After the museum we followed Chuck and Linda to their beautiful home outside of Albuquerque, where we had a lovely visit and a great meal. Linda showed me her inkle loom that she found at a yard sale. It only has two legs and no base, and looks like it is meant to be held between the weaver's knees. A turnbuckle provides control over tension. I've never seen a loom quite like this one, although my grandfather built an inkle loom for my grandmother and used a turnbuckle for tension, so maybe the same plans were used and individualized.
Auggie and Linda's dog, Henry, had a good time playing until puppy exuberance resulted in Auggie putting his new friend in his place. He flipped Henry onto his back and told him enough was enough. Henry wasn't hurt at all but I think his feelings were!
All in all, a wonderful day with good friends.

Thursday, May 19, 2016

Palace of the Governors

One place Bob and I have been eager to see Santa Fe's Palace of the Governors. Built in 1610, it was the seat of government for Spain's Nuevo Mexico in the New World, and America's oldest continually occupied public building. And when New Mexico was annexed as an American territory, the Palace became New Mexico's first territorial capitol. On Thursday we visited the Palace.
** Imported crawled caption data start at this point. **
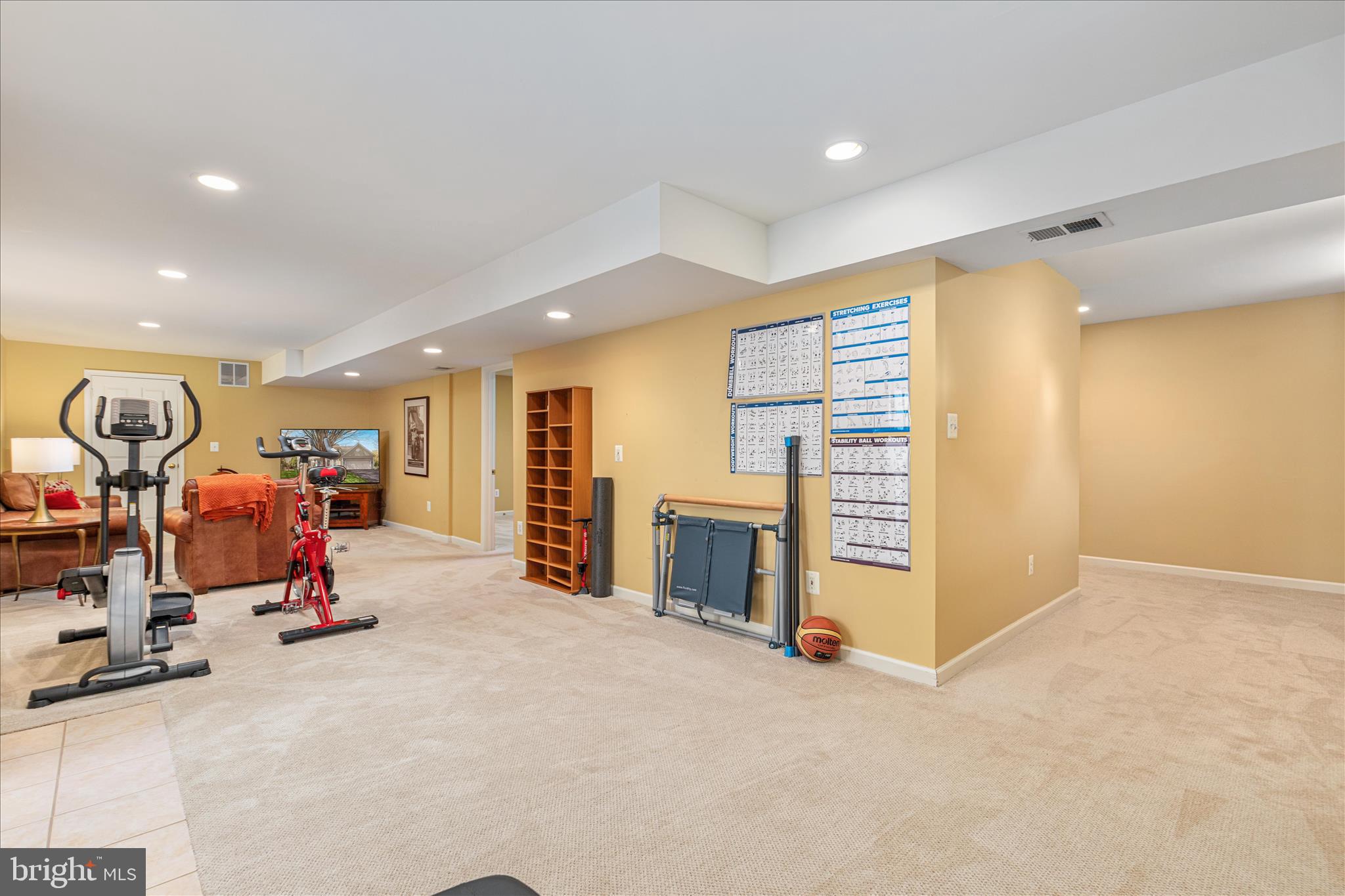 WOODLEA MANOR - Residential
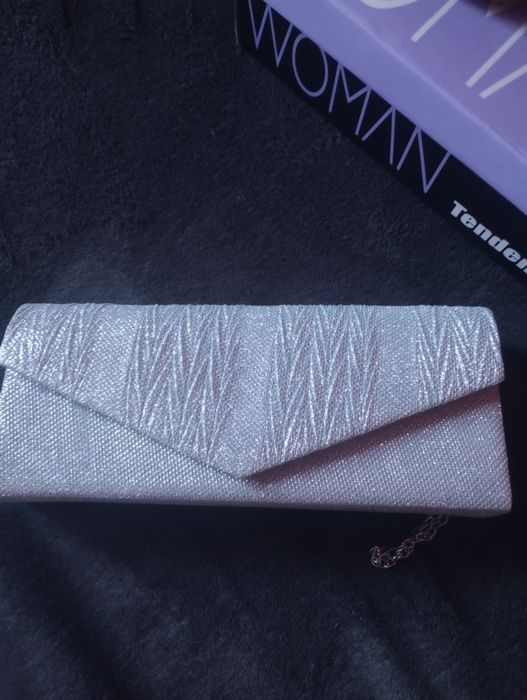 Сребърни обувки 40 номер и чанта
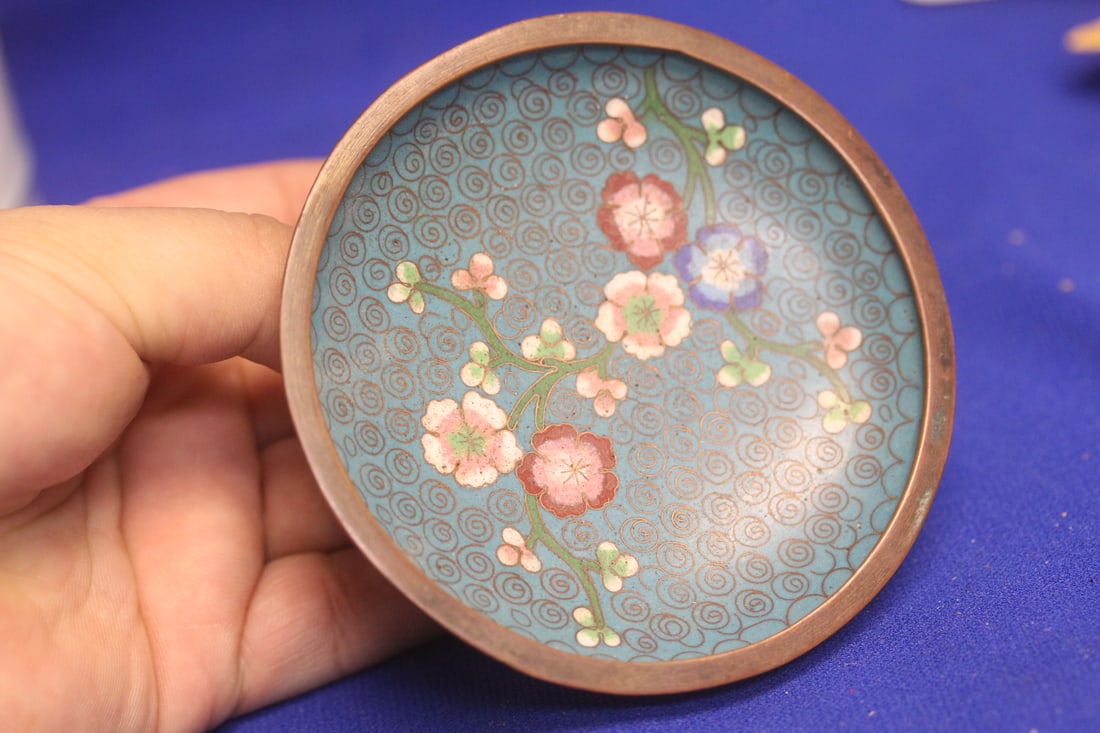 Vintage Chinese Cloisonne Dish: 3 3/4" in diameter - please note= one underside flaw - marked "China"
We arrived in time for a forty five minute, docent-led tour, that lasted an hour and a half (!) and gave us an in-depth look at New Mexico's early days. Our docent really knew her stuff and enjoyed what she did. One of the famous people who walked these halls was Billy the Kid, who was captured and held here until he escaped while visiting the latrine.
During the tour our docent introduced us to one of the security guards who happens to be the great grandson of Ezequiel de Baca, the first Lieutenant-Governor of New Mexico after becoming a state on January 6, 1912.
The Palace housed some very interesting exhibits, such as this "mud wagon," a real stagecoach used to bring settlers to the territory.
This is a fragment of a Jerga, woven in New Mexico and used as floor coverings and bedspreads. They were a major trade item to the rest of Mexico to the south.
The museum boasts a large collection of santos, likenesses of Spanish saints used in local churches. These santos were made by master craftsmen who worked in talleres, or workshops to produce these masterpieces.
 The chapel has been restored beautifully.
The residents of Nuevo Mexico had to be very resourceful, as supply trains only visited once every three years and Spain prohibited trade with anyone else. This violin was made of rawhide.
On the veranda of the Palace of the Governors was a jewelry fair with artisans presenting their wares. Bob and I walked around the Plaza and stopped into a chocolate shop for a truffle. Yum.
We returned home and I started working on this narrow band, consisting of a pickup pattern and woven on my Gilmore Inkle Lap Loom, precursor to the Mini Wave Loom. Every time I weave something on my Lap Inkle I fall in love with it again. It's too bad Gilmore stopped making them and I'm lucky to have one--Gilmore sold me the last one they had on their shelves, years ago.